Do a search, there is a thread about this about once a month and it always ends in a peeing contest between the people that are sponsored and get there electronics for free!  Its all the same technology, a fish arch is a fish arch!!!!  Although you dont see many pros using a Garmin.


----------



## littlejon (Mar 4, 2013)




----------



## Troutman3000 (Mar 4, 2013)

Garmin is trying to make acomeback but their strength is in their GPS.


----------



## The Captain (Mar 4, 2013)

The new Lowrance Gen 2 is awesome


----------



## Ronnie T (Mar 4, 2013)

cuz1220 said:


> Do a search, there is a thread about this about once a month and it always ends in a peeing contest between the people that are sponsored and get there electronics for free!  Its all the same technology, a fish arch is a fish arch!!!!  Although you dont see many pros using a Garmin.
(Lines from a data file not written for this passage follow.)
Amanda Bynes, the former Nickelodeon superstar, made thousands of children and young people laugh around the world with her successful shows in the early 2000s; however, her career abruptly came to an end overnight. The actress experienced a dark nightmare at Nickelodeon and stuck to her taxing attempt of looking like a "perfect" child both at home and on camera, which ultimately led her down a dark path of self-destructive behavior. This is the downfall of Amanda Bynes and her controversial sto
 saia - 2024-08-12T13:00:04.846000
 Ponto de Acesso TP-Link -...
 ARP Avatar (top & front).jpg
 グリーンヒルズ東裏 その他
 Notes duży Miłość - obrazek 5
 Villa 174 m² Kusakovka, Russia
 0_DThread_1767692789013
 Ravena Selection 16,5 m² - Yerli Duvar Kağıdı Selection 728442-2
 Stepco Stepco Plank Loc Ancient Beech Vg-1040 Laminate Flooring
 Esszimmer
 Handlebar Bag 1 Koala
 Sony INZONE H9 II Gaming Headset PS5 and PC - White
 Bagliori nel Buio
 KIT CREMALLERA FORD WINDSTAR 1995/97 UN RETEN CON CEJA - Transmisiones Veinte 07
There's some who have them on their personal boats.
.


----------



## dcogland (Mar 4, 2013)

They all have their strengths. I started with a HDS 5 and 7 on my current boat. had hard time getting it to function properly. Ended up selling both and buying 1 humminbird 998. I like it so much 
I ended up buying another. Side Imaging is better for sure on a Humminbird and lots talk about the lakemaster chips being great, but the lakes I fish have yet to be put on them so I tend to disagree. Just research the products, find what you like and what best suits you.


----------



## Lanier Jim (Mar 4, 2013)

What I see on my sonar...

LJ


----------



## fishingguy61 (Mar 4, 2013)

I wonder about the Garmins as well. Seems more stores are carrying them now, but has anybody done a good comparison with Garmin vs. Lowrance or Humminbird?


----------



## Nuttin Better (Mar 4, 2013)

In my opinion Garman has the best GPS and mapping. I am not aware of Garman offering anything other than tradition sonar. No down imaging or side imaging that I am aware of. Lowrance and Hummingbird seem to me to be like comparing the difference between a Ford and Chevrolet. It depends on who you talk too as to which one is the best. They both offer the similar features. Good luck in your search.


----------



## Lanier Jim (Mar 4, 2013)

Well said Nuttin...

LJ


----------



## EZ Spin (Mar 5, 2013)

I would take a look at the Humminbird 898c (or 858c if you don't want Side Imaging). The screen size is perfect for the bow or console.


----------



## Troutman3000 (Mar 5, 2013)

Does the 858c have downscan?


----------



## Troutman3000 (Mar 5, 2013)

I think the main question to ask yourself is what is your budget?  Once you have that look at all the units in your budget an pick one that best suits your needs.  I was going to get  a Bird before the Elite 7 came out.  For $650 you get GPS, 2d Sonar, Downscan, Intergrated downscan/2d sonar all on a 7" screen that can be split up to three times.   For my budget its the most I can get.


----------



## jmharris23 (Mar 5, 2013)

Troutman3000 said:


> I think the main question to ask yourself is what is your budget?  Once you have that look at all the units in your budget an pick one that best suits your needs.  I was going to get  a Bird before the Elite 7 came out.  For $650 you get GPS, 2d Sonar, Downscan, Intergrated downscan/2d sonar all on a 7" screen that can be split up to three times.   For my budget its the most I can get.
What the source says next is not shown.